> ASSIGNED TASK
Transcribe exactly the line with "Hyatt Place Dubai Jumeirah - Resim 32" and each line that follows it in the listing, down to the last, omitting all pictures.

> COLLECTED MATERIAL
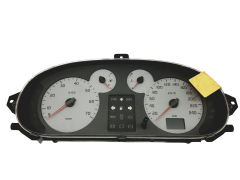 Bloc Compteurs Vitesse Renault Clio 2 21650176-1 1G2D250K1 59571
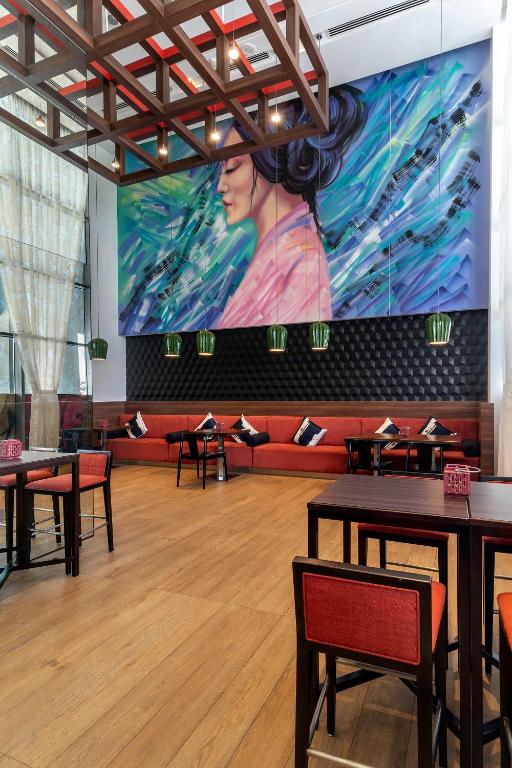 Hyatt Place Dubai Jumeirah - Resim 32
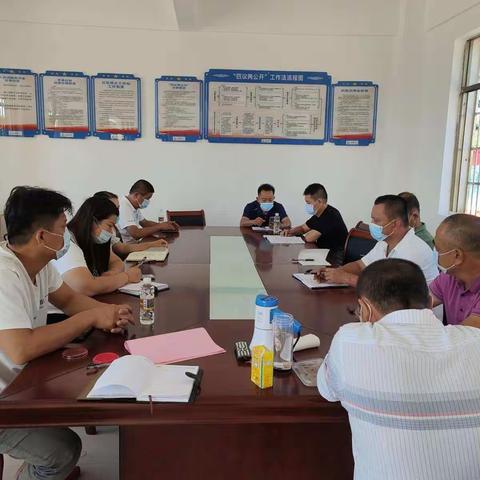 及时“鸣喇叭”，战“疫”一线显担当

> RESPONSE BELOW
 Hyatt Place Dubai Jumeirah - Resim 32
 及时“鸣喇叭”，战“疫”一线显担当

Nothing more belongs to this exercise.